In general, I would not recommend structs for business objects. While you MIGHT gain a small amount of performance by heading this direction, as you are running on the stack, you end up limiting yourself in some ways and the default constructor can be a problem in some instances.

I would state this is even more imperative when you have software that is released to the public.

Structs are fine for simple types, which is why you see Microsoft using structs for most of the data types. In like manner, structs are fine for objects that make sense on the stack. The Point struct, mentioned in one of the answers, is a fine example.

How do I decide? I generally default to object and if it seems to be something that would benefit from being a struct, which as a rule would be a rather simple object that only contains simple types implemented as structs, then I will think it through and determine if it makes sense.
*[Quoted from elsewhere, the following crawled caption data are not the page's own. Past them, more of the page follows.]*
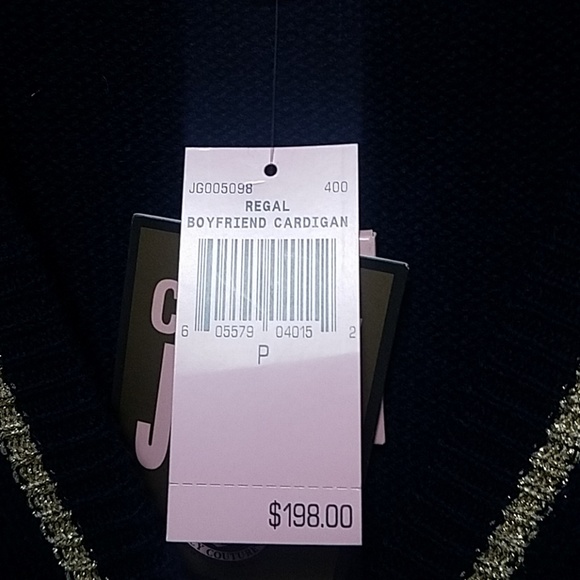 NWT Juicy Couture Regal Boyfriend Blue and Gold Cardigan Size Petite w Pockets - Picture 4 of 8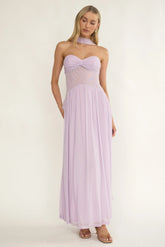 Annita Sheer Waist Maxi Dress Lilac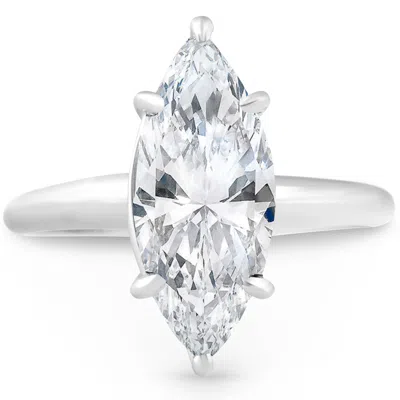 Pompeii3 Certified 3ct Marquise Diamond Solitaire Engagement Ring White Gold Lab Grown In Silver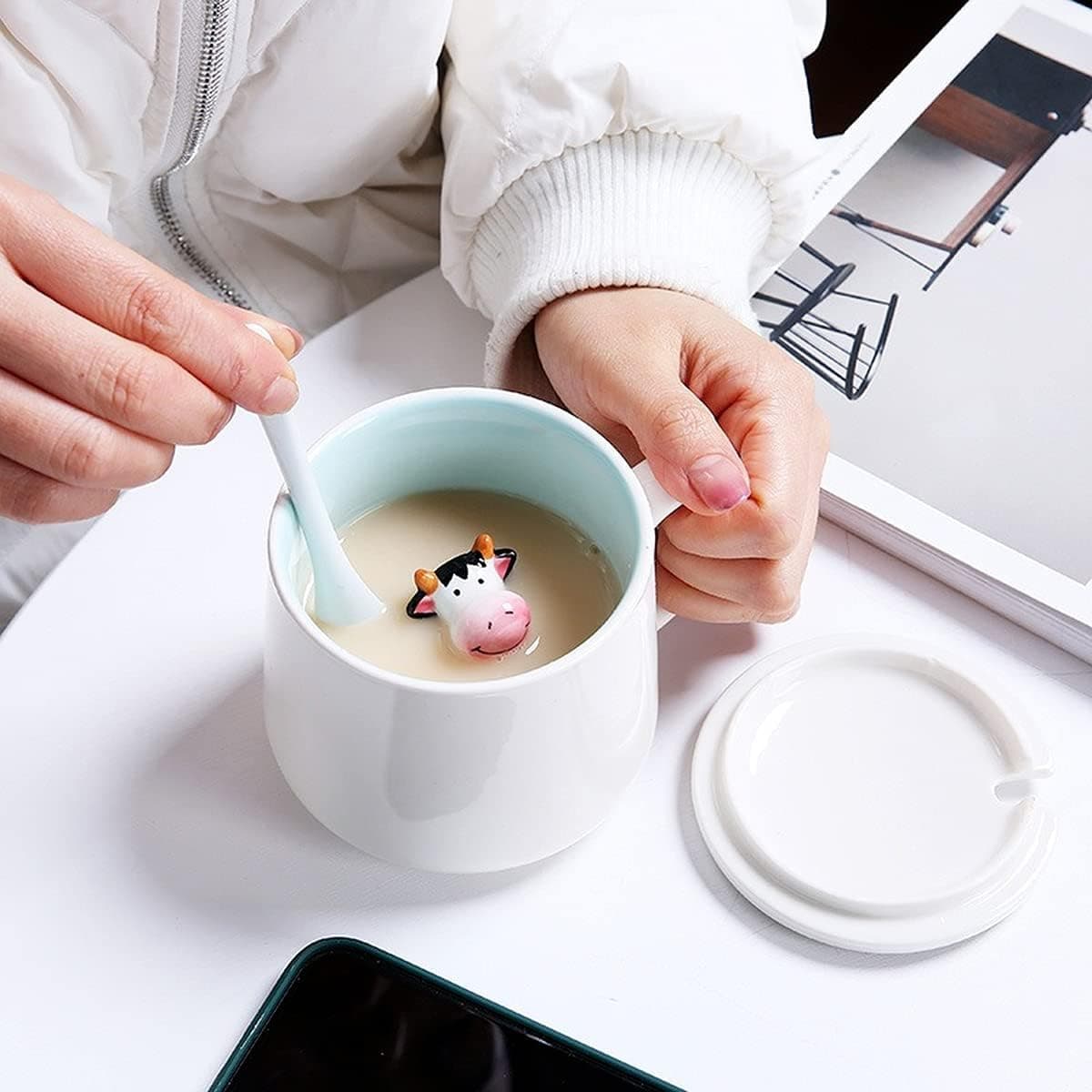 Arawat Mug Rana 3d Animale Regali Con Figura Di Rana All'Interno 350 Ml Tazza Da Tè Con Cucchiaio Sottobicchiere Carino Caffè Tè Tazza Rana Regalo Di Compleanno Per Fidanzati Ragazzi Donne Uomini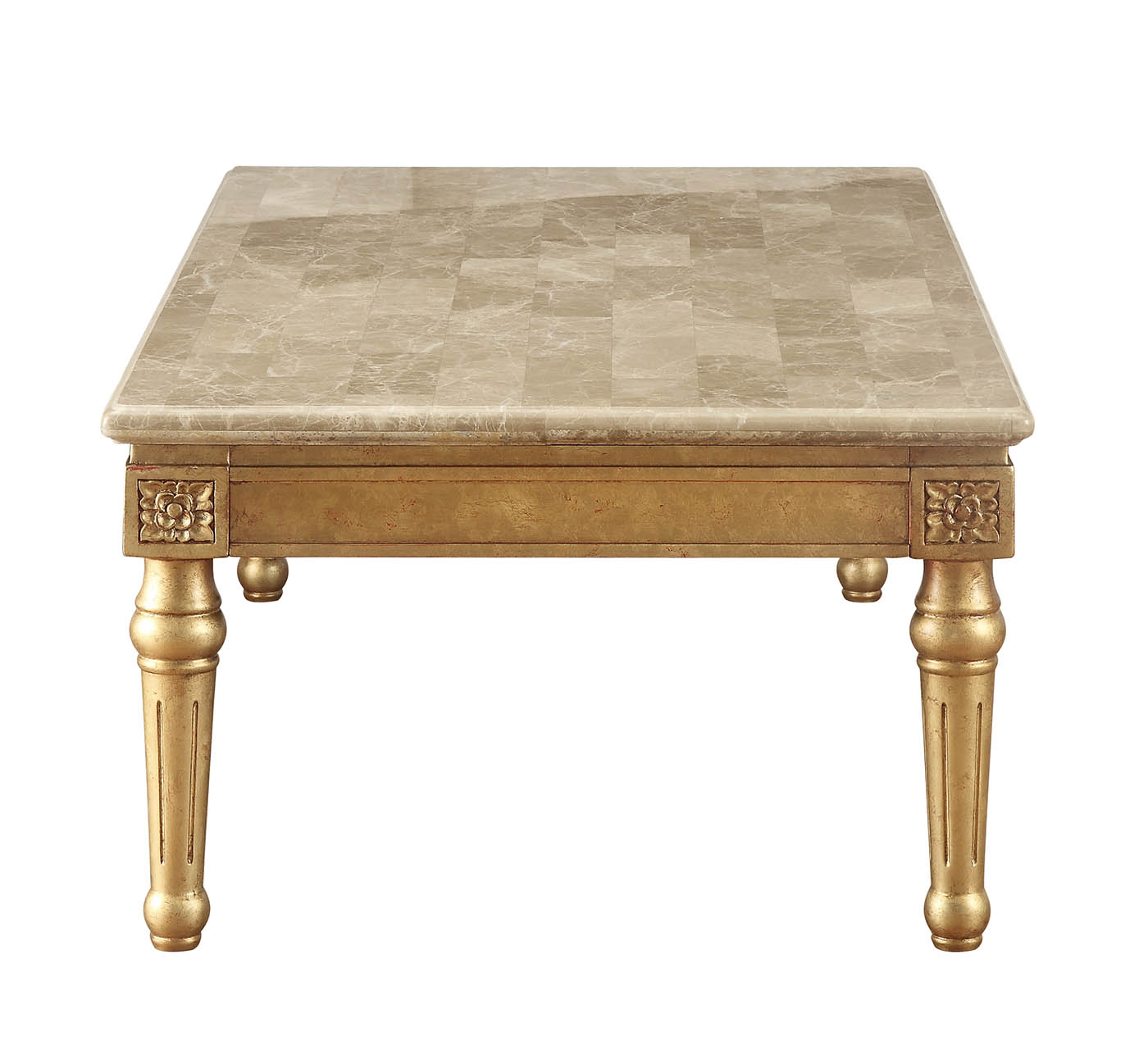 Marble Antique Gold Wood Coffee Table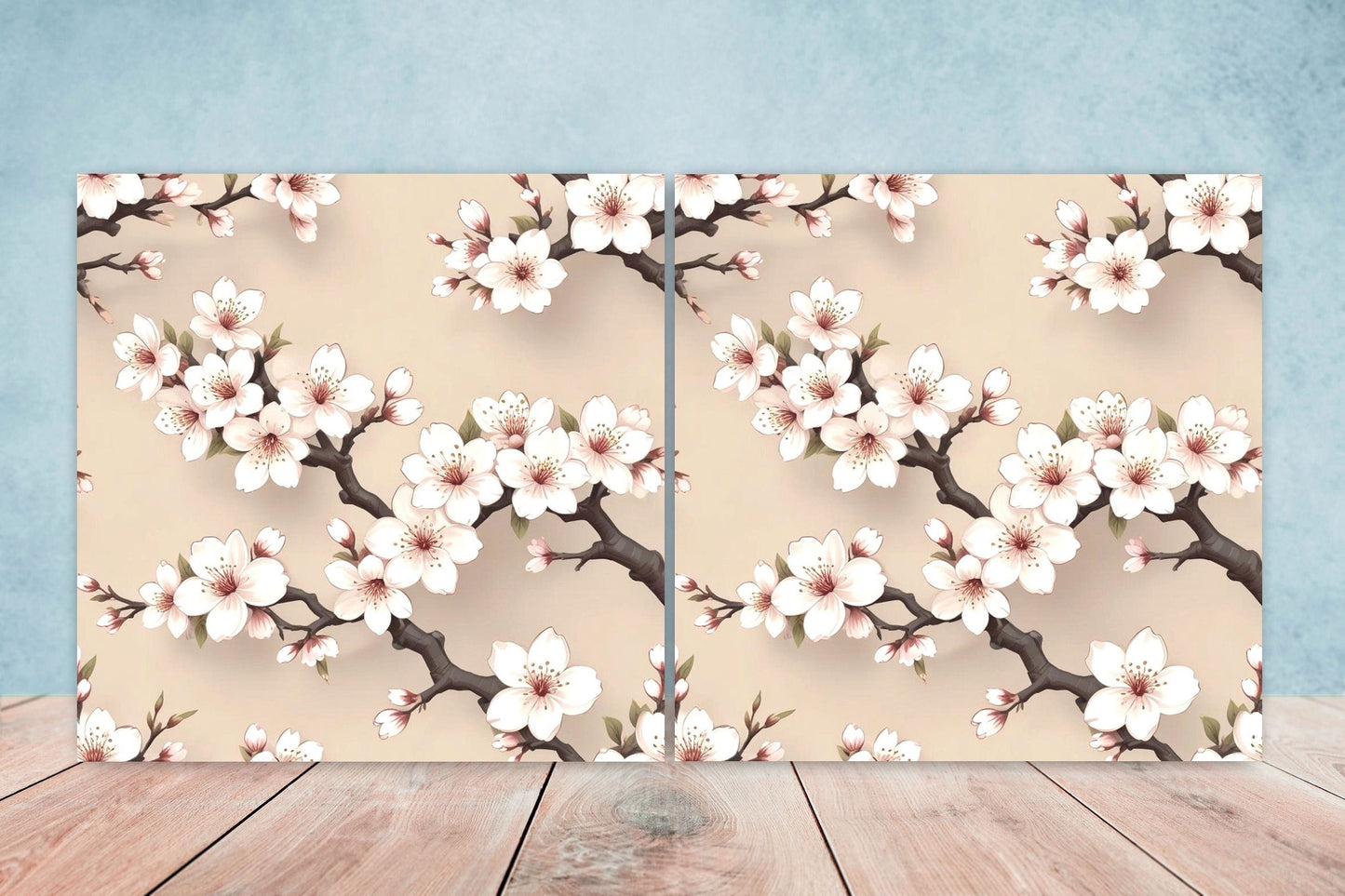 Japanese Ceramic Tiles Cherry Blossom Flower Design - Set of 2 Wall Décor Tiles - Kitchen Backsplash Tiles, Decorative Tiles, Bathroom Tiles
You mention an address as your example. Let's examine one, as a class.

public class Address
{
    public string AddressLine1 { get; set; }
    public string AddressLine2 { get; set; }
    public string City { get; set; }
    public string State { get; set; }
    public string PostalCode { get; set; }
}

Think through this object as a struct. In the consideration, consider the types included inside this address "struct", if you coded it that way. Do you see anything that might not work out the way you want? Consider the potential performance benefit (ie, is there one)?

Gregory A Beamer
Applying the thought experiment from my answer to your example: does an address make sense if all its fields are null? I would say no in this case.
Bryan Watts
Realistically, with data objects, you do not create an object until at least one item is not null, but I would agree that an object with 100% nulls is invalid. The main point I was making is a struct is not the best method to code an address.
Gregory A Beamer
+1  A: 

Factors: construction, memory requirements, boxing.

Normally, the constructor restrictions for structs - no explicit parameterless constructors, no base construction - decides if a struct should be used at all. E.g. if the parameterless constructor should not initialize members to default values, use an immutable object.

If you still have the choice between the two, decide on memory requirements. Small items should be stored in structs especially if you expect many instances.

That benefit is lost when the instances get boxed (e.g. captured for an anonymous function or stored in a non-generic container) - you even start to pay extra for the boxing.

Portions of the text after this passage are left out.